Kebakaran Lahan 20 Hektar di Sibualong Donggala Belum Padam Total

  • Whatsapp
Kebakaran Lahan Sibualong Donggala
Kebakaran Lahan 20 Hektar di Sibualong Donggala Belum Padam Total. (Foto:Ist)

DONGGALA, BULLETIN – Kebakaran lahan yang melanda Desa Sibualong, Kecamatan Balaesang, Kabupaten Donggala, Sulawesi Tengah, dilaporkan masih belum sepenuhnya aman dan normal. Api yang menghanguskan sekitar 20 hektar lahan hutan dan kebun warga ini masih berpotensi menyala kembali, menyisakan kekhawatiran terkait Kebakaran Lahan Sibualong Donggala.

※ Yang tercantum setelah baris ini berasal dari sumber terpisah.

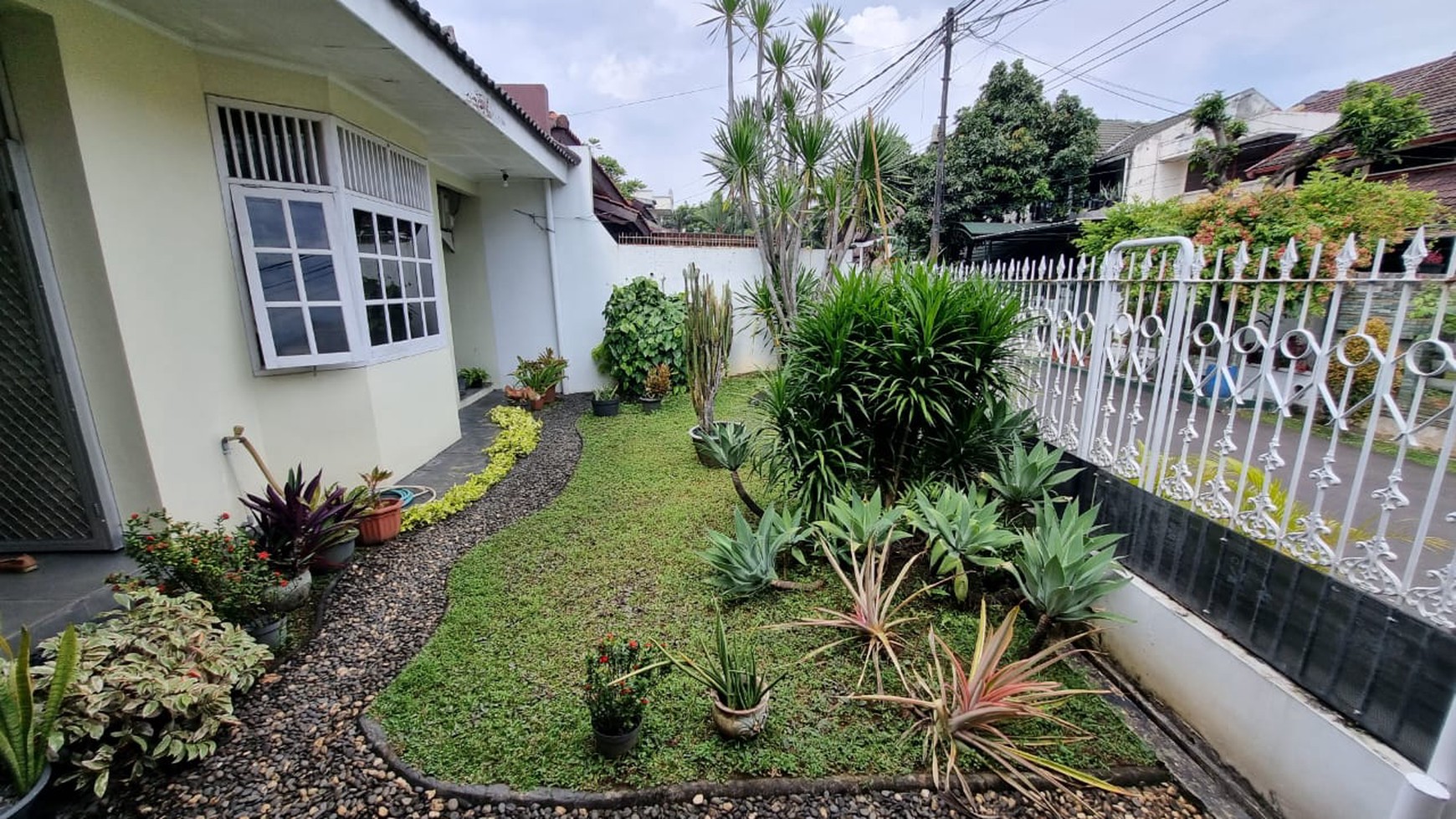 Rumah Bagus Di Cendrawasih Bintaro Jakarta Selatan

Peristiwa Kebakaran Lahan Sibualong Donggala ini pertama kali dilaporkan pada Minggu, 20 September 2026, pukul 01.40 WITA, meski kebakaran sendiri diperkirakan terjadi sejak Sabtu malam, 19 September 2026, sekitar pukul 20.00 WITA. Lokasi kejadian berpusat di Desa Sibualong, Kecamatan Balaesang.

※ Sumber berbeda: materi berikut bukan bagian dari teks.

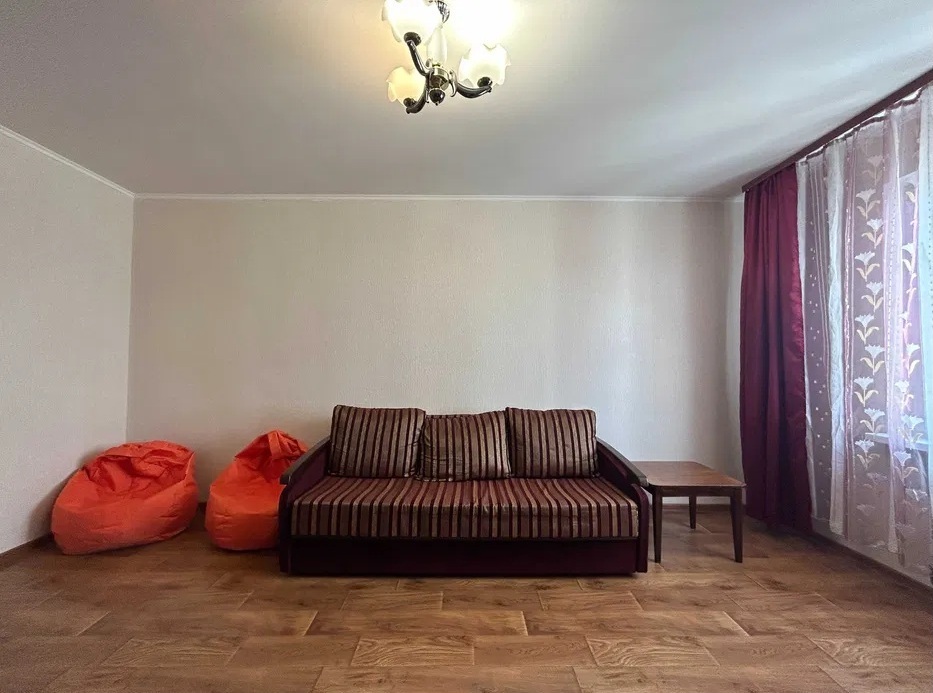 Аренда 2-комнатной квартиры 73 м², Ревуцкого ул.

Kronologi kejadian menunjukkan api mulai membakar lahan di Dusun 5 Malawa, Desa Siweli, kemudian dengan cepat merambat dan meluas hingga membakar sebagian besar area hutan dan kebun warga di Desa Sibualong. Penyebab pasti kebakaran lahan hingga kini belum diketahui, namun dampak dari Kebakaran Lahan Sibualong Donggala ini cukup signifikan.

Tim Reaksi Cepat (TRC) dan Pemadam Kebakaran (DAMKAR) Pos Siaga Tanantovea BPBD Kabupaten Donggala langsung menuju lokasi setelah menerima laporan dari warga setempat. Mereka berkoordinasi dengan BPBD Kabupaten Donggala untuk melakukan penilaian dan penanganan awal terhadap Kebakaran Lahan Sibualong Donggala.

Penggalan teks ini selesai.